Ein weiteres Beispiel für die laufenden Restrukturierungen ist auch der Herrenausstatter Wormland, der aus der Insolvenz heraus von dem Osnabrücker Modehaus L & T (Lengermann & Trieschmann) übernommen und mit neun Filialen weitergeführt wird, oder die Ankündigung des Handelskonzerns Bluestar Alliance, dem die Markenrechte an der niederländischen Mode-Kette Scotch & Soda gehören, dass er nach der Schließungswelle das Filialnetz in deutschen Einkaufsstraßen wieder aufbauen will. Auch die erneute Insolvenz der Mode-Kette Sinn und die Schließung aller Esprit-Läden wird auf dem Vermietungsmarkt Spuren hinterlassen.

„Nicht zuletzt diese Beispiele großer Einzelhandelsunternehmen spiegeln die Schnelllebigkeit und den Wandel in der Retail-Sparte wider, die auf dem Vermietungsmarkt in einer weiterhin hohen Dynamik bei den aufgebenden aber auch den neu startenden Konzepten in Innenstadtlagen zum Ausdruck kommt“, schreibt BNPPRE in seiner Marktanalyse. Dieses „Auf und Ab“ bei Neuanmietungen und Filialschließungen spiegelt sich auch im Vermietungsvolumen der ersten neun Monate wider. Bereinigt um den Flächenumsatz des Modehauses Aachener ermittelte BNPPRE ein Vermietungsvolumen, das mit etwa 360 000 qm knapp über dem Vorjahresvolumen von etwa 350 000 qm lag. Der Immobilienberater JLL liegt mit 350 600 qm (+4%) in etwa in der gleichen Größenordnung. Für das dritte Quartal allein ermittelte er einen Flächenumsatz von insgesamt 104 700 qm.

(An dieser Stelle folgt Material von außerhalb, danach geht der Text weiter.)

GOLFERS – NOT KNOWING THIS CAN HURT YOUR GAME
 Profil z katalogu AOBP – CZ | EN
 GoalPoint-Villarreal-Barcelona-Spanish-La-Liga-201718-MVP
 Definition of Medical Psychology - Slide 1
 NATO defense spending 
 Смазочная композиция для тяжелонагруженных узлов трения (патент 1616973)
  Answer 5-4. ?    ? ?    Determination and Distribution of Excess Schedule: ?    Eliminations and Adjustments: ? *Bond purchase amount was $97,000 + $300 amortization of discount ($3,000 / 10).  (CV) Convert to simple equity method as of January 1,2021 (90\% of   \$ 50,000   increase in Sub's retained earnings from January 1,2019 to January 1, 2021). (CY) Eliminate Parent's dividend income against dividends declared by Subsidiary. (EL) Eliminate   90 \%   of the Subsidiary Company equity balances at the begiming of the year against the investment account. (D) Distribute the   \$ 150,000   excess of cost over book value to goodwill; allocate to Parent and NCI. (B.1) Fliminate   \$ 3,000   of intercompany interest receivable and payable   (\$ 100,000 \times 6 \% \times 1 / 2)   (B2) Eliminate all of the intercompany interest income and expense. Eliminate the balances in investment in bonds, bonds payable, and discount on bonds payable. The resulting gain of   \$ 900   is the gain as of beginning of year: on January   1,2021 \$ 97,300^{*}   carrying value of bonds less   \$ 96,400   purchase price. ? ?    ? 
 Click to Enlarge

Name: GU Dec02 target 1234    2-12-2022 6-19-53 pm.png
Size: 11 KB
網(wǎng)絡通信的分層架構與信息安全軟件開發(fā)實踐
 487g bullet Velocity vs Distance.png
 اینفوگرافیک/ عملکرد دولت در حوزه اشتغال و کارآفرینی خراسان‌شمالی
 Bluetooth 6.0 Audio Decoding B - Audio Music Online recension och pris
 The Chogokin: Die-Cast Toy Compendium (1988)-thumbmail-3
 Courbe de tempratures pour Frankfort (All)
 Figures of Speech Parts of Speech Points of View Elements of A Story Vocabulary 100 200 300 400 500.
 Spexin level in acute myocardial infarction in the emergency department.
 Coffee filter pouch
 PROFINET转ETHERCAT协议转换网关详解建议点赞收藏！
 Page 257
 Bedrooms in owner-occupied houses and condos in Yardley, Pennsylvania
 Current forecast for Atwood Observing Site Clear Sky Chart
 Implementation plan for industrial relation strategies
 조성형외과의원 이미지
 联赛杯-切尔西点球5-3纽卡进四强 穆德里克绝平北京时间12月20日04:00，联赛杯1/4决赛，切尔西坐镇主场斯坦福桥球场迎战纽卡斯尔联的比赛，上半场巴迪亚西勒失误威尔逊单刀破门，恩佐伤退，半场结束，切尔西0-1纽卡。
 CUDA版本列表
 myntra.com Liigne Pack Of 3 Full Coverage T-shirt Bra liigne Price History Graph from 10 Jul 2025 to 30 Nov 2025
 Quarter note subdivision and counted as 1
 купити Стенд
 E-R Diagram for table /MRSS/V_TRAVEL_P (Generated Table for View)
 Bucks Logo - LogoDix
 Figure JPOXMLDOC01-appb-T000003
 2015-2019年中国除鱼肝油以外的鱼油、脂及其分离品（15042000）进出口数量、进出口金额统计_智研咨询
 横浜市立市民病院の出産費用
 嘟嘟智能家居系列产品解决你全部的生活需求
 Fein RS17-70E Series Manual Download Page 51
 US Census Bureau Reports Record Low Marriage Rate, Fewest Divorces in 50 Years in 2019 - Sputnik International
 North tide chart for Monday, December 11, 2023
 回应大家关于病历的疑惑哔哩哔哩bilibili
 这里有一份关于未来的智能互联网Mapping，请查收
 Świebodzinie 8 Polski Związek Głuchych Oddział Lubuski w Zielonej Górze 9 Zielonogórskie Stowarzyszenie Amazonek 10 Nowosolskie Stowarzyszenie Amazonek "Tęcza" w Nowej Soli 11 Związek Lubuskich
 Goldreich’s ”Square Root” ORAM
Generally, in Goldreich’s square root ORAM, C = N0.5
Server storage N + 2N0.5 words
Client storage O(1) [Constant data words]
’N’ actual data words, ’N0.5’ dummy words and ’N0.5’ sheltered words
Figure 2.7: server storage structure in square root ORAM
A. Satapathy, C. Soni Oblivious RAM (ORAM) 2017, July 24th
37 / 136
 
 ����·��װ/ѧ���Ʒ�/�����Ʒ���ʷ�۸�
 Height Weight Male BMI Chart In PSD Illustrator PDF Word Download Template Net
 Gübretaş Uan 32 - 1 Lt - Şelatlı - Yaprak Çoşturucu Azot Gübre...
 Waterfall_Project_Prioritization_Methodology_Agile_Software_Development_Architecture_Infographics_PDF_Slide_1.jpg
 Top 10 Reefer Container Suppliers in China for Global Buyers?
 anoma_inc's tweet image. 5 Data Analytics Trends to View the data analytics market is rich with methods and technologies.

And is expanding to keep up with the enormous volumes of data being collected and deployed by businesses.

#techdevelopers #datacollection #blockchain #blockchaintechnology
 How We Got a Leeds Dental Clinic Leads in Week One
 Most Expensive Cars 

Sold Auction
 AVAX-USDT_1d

Als Indiz für den dennoch bestehenden Aufwärtstrend auf dem Vermietungsmarkt wertet Christoph Scharf, Geschäftsführer der BNP Paribas Real Estate GmbH und Head of Retail Services, dass mit fast 650 registrierten Vermietungen und Eröffnungen in den ersten neun Monaten fast 10% mehr Abschlüsse verzeichnet werden konnten als noch zum Ende des dritten Quartals 2023 – damals belebten vor allem die großen Flächenvolumina den Markt. JLL registrierte sogar 697 Abschlüsse bei 236 Neuanmietungen allein im dritten Quartal. 

Dass aber Großflächen mit mehr als 1 000 qm auch jetzt noch das Geschäft prägen, zeigt ihr hoher Anteil von 55% am Gesamtvolumen. Die Chancen für großflächige Anmietungen sind derzeit offenbar günstig – zumal die Spitzenmieten laut JJL bundesweit im zweiten Quartal im Schnitt um 1% gesunken waren.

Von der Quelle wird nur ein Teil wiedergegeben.